Relatedly, how "independent" is each processor in a group? Do they all execute the same instruction on different data, or can they independently proceed through the same program? Presumably they can't each run a different program; in fact in cal do all processors (even in different groups) have to run the same program? Funnily enough I feel most confident I understand how things work at a processor/subprocessor level, with all subprocessors within a processor having their operation directed in a synchronized manner by "VLIW" instructions in a single "r600isa" prgram.
Then, is an execution domain split into blocks of 64 "elements"? Are the 64 elements processed between the 16 processors in a group, 4 each, or are all elements processed just by one processor? And does a thread mean what I've called a block? I read somewhere threads are operated on in pairs: does each group of 16 processors then process two blocks each in an interleaved manner? And so does a thread group mean the pair of threads assigned to what I've called a group of 16 processors? ( Or does a thread mean one of the 64 elements and a thread group mean the set of 64 elements? )
Finally, some of the lower end cards seem to have different numbers of processors per group as well as a different number of groups; which concepts are invariant? E.g. do they still operate on blocks of 64 elements?
Sorry for the confusion and thanks a lot for any help!
Best,
Steven.
I'm working on developing a Cholesky matrix factorization routine. While thinking about how to do this I've come up with a few questions.

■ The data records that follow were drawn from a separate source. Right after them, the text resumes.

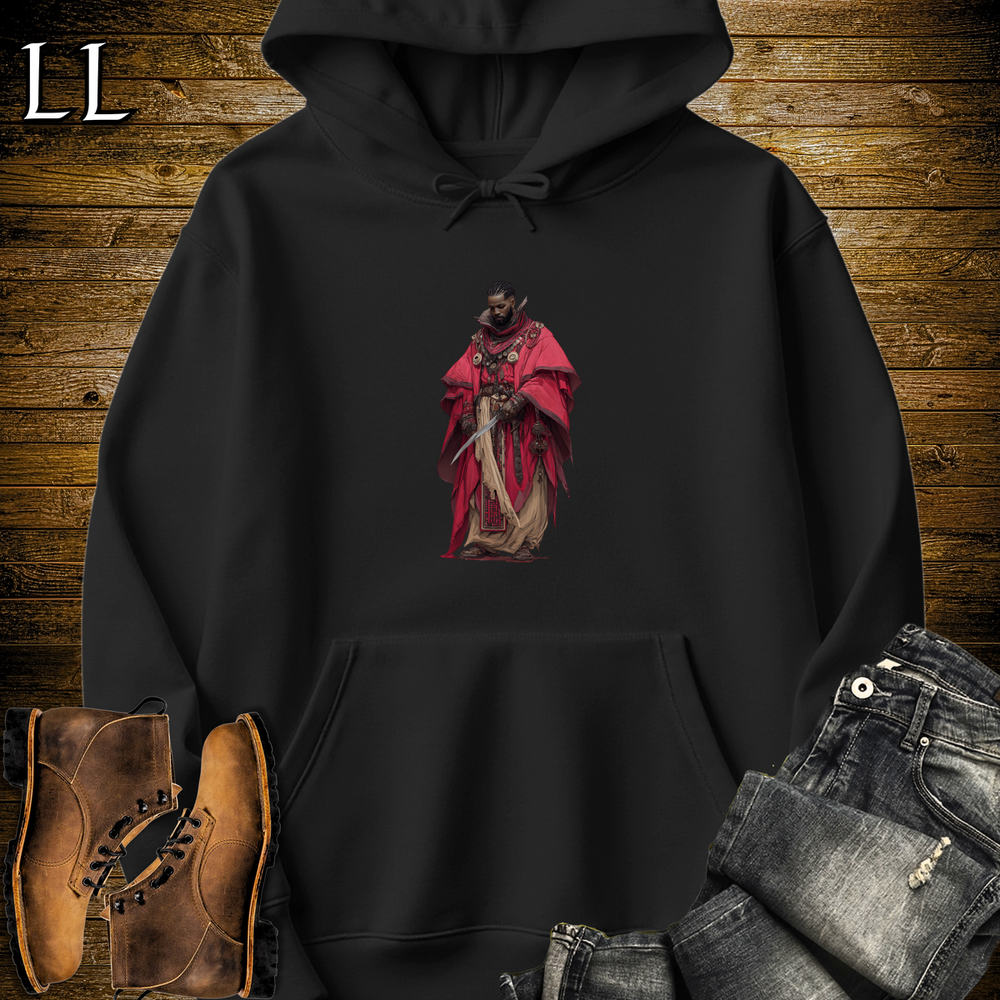 African Red Cloak Assassin Hooded Sweatshirt - Black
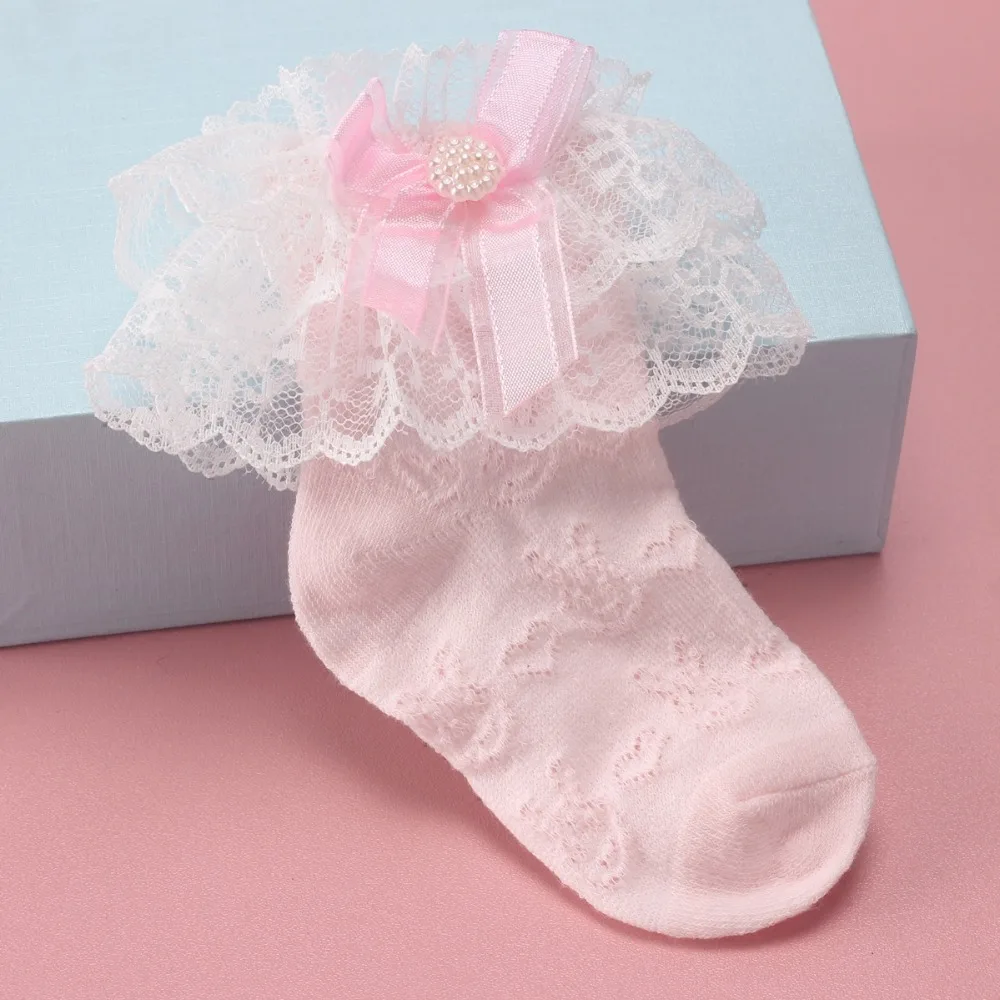 Детские носки принцессы для девочек уютный Винтаж с кружевными рюшами Носки
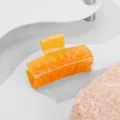 Elegante orangefarbene Acetat Haarklammer für Damen, stilvoller Haarclip für schicke Frisuren. - Hellgelber Farbverlauf
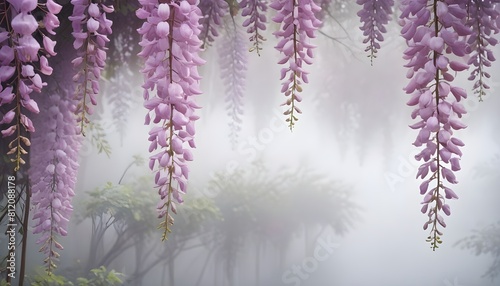 wisteria flowers hanging over a misty  blurred background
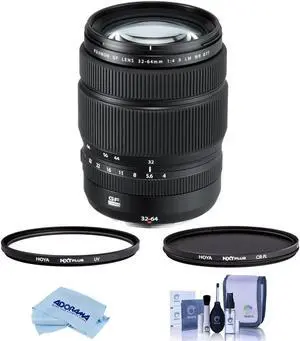 Fujifilm GF 32-64mm f/4 R LM WR Lens, Bundle with Hoya 77mm UV+CPL Filter, ProOptic Cleaning Kit, Cleaning Cloth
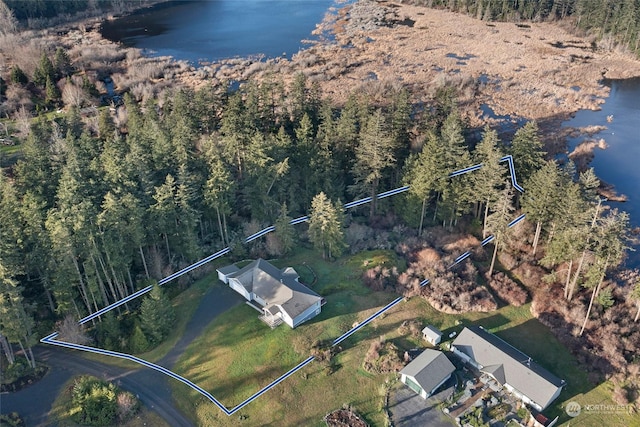 drone / aerial view with a water view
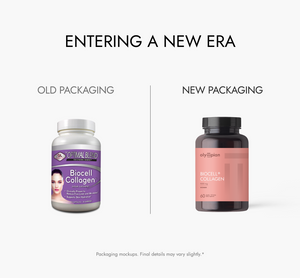 Comparison of old and new Biocell Collagen packaging on a white background.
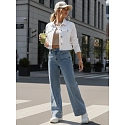 Jeansy damskie wide leg z szeroką nogawką niebieskie FashionStreet UY2871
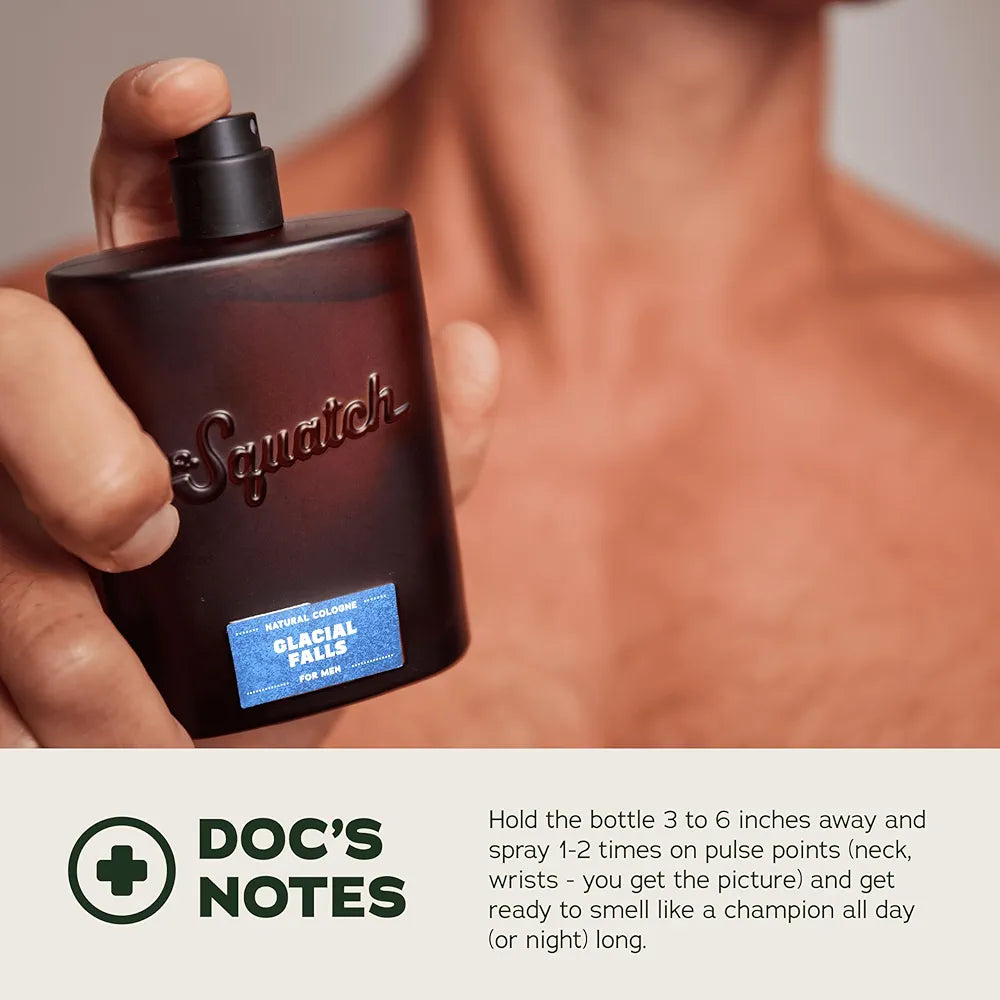 Dr. Squatch Glacial Falls Natural Cologne for Men with Scent-Lock Technology and Sustainably-Sourced Ingredients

If it's okay I'll post them as separate threads in case someone else has already thought about or is interested in particular ones.
To start with, I'm afraid I find it a bit unclear from the beta documentation simply how best to think about the cards. (If all this'll be in the 1.0 documentation please just say!) Unfortunately I don't have a graphics background. My impression from the documentation and from other pdf's (with diagrams) I've seen about the r600 is that a 3870 should be thought of as 64 processors arranged in four groups of sixteen, with each of the 64 processors being composed of 5 subprocessors. Is this correct so far? And how does this tie into "simds", "simd arrays", "pipelines", "alu units", "spus" etc?

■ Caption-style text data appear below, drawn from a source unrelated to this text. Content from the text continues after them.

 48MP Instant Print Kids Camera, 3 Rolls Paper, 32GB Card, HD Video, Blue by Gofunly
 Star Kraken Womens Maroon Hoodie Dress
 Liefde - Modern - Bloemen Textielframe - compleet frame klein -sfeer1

Relatedly, how "independent" is each processor in a group? Do they all execute the same instruction on different data, or can they independently proceed through the same program? Presumably they can't each run a different program; in fact in cal do all processors (even in different groups) have to run the same program? Funnily enough I feel most confident I understand how things work at a processor/subprocessor level, with all subprocessors within a processor having their operation directed in a synchronized manner by "VLIW" instructions in a single "r600isa" prgram.
Then, is an execution domain split into blocks of 64 "elements"? Are the 64 elements processed between the 16 processors in a group, 4 each, or are all elements processed just by one processor? And does a thread mean what I've called a block? I read somewhere threads are operated on in pairs: does each group of 16 processors then process two blocks each in an interleaved manner? And so does a thread group mean the pair of threads assigned to what I've called a group of 16 processors? ( Or does a thread mean one of the 64 elements and a thread group mean the set of 64 elements? )
Finally, some of the lower end cards seem to have different numbers of processors per group as well as a different number of groups; which concepts are invariant? E.g. do they still operate on blocks of 64 elements?
Sorry for the confusion and thanks a lot for any help!
Best,
Steven.